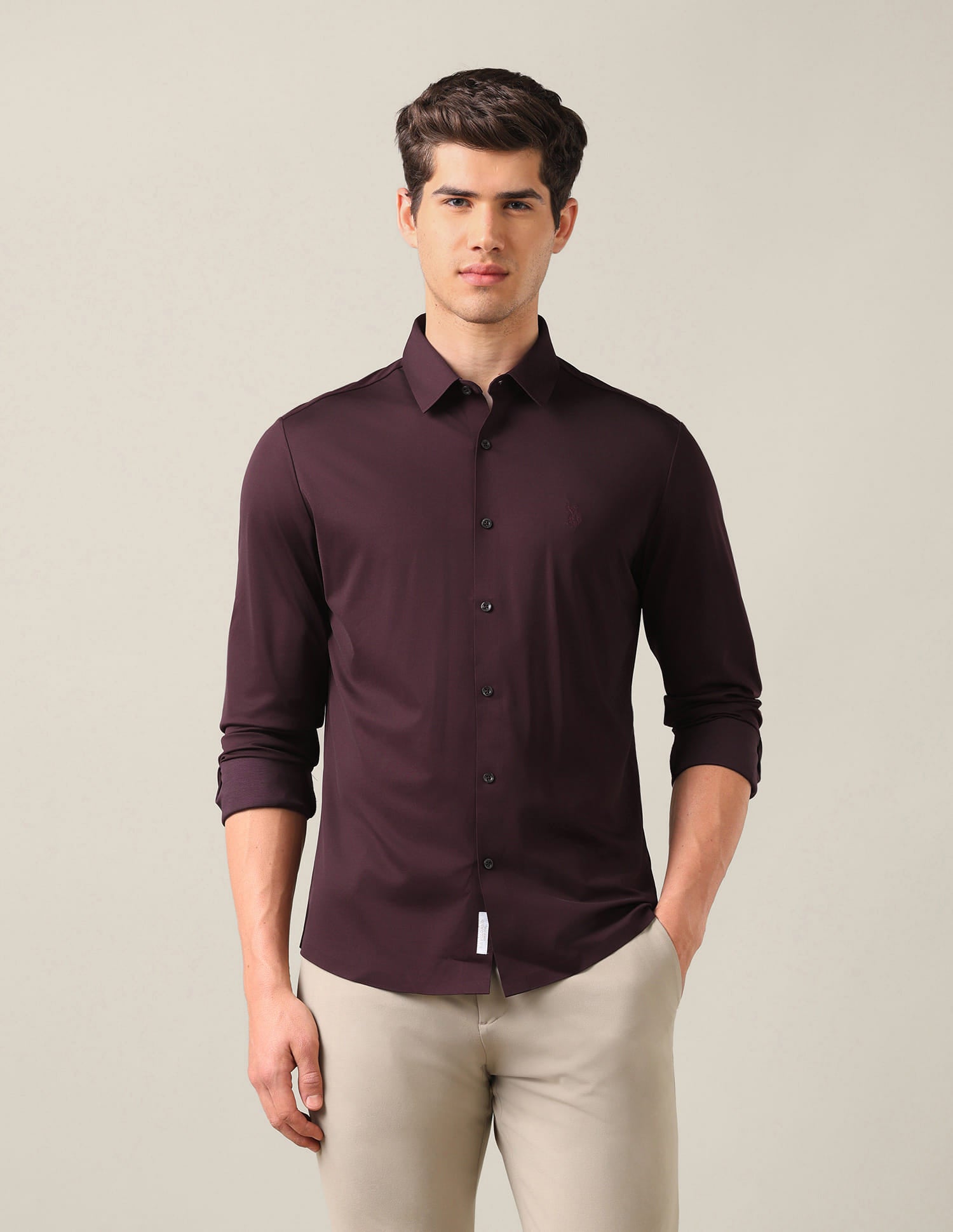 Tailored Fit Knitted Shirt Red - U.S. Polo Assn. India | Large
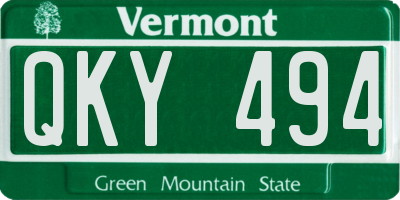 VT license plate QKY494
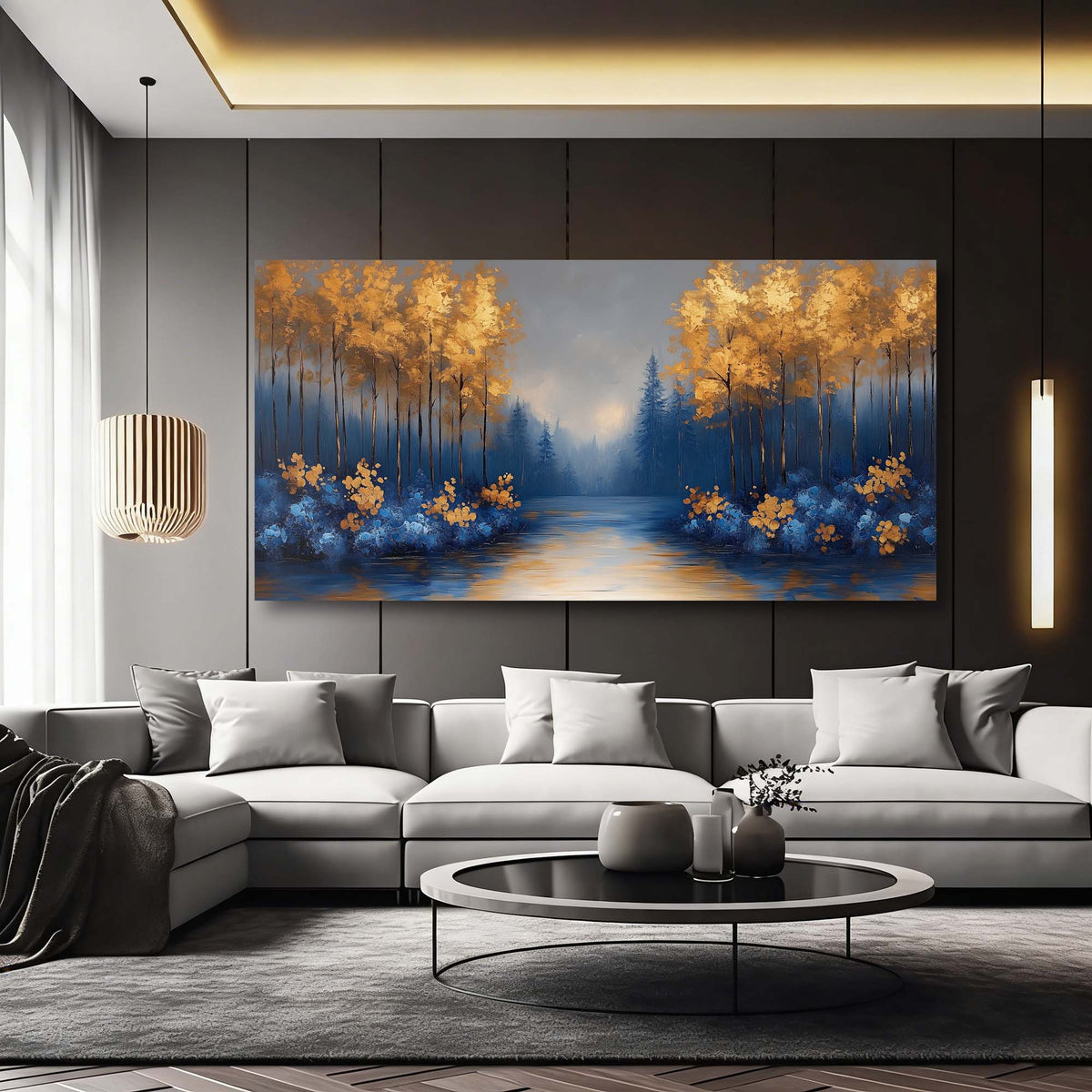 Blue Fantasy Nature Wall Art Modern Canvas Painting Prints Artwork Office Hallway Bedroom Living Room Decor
—————
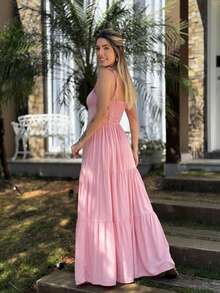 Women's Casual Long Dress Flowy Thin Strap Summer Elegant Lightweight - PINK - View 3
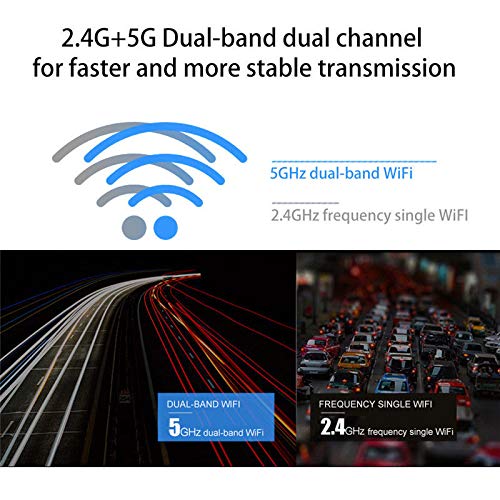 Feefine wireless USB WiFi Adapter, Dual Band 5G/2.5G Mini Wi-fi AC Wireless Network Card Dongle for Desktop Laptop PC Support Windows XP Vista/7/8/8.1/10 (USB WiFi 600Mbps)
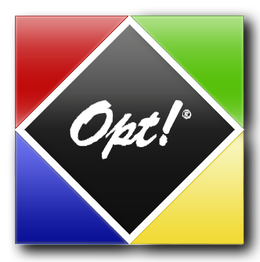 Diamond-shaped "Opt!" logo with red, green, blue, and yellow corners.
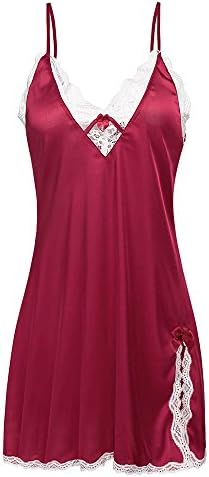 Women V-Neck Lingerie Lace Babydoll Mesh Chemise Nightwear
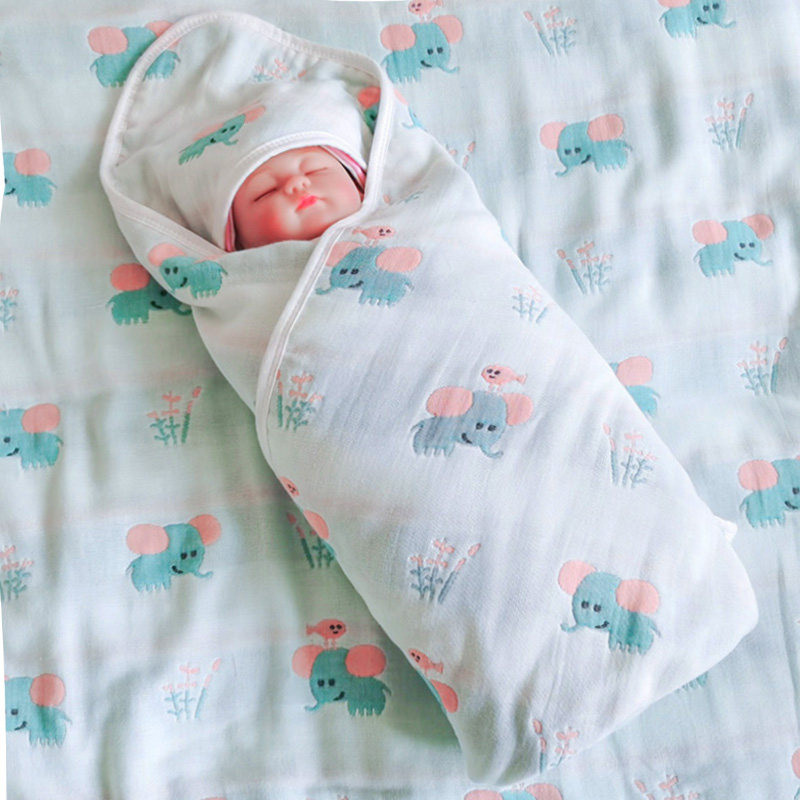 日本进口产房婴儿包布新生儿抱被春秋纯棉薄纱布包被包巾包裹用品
—————
Pictures excluded, reproduce only the part above that opens with the line holding "Tailored Fit Knitted" and closes with the line holding "Blue Fantasy Nature", exactly as written.

 Tailored Fit Knitted Shirt Red - U.S. Polo Assn. India | Large
 VT license plate QKY494
 Blue Fantasy Nature Wall Art Modern Canvas Painting Prints Artwork Office Hallway Bedroom Living Room Decor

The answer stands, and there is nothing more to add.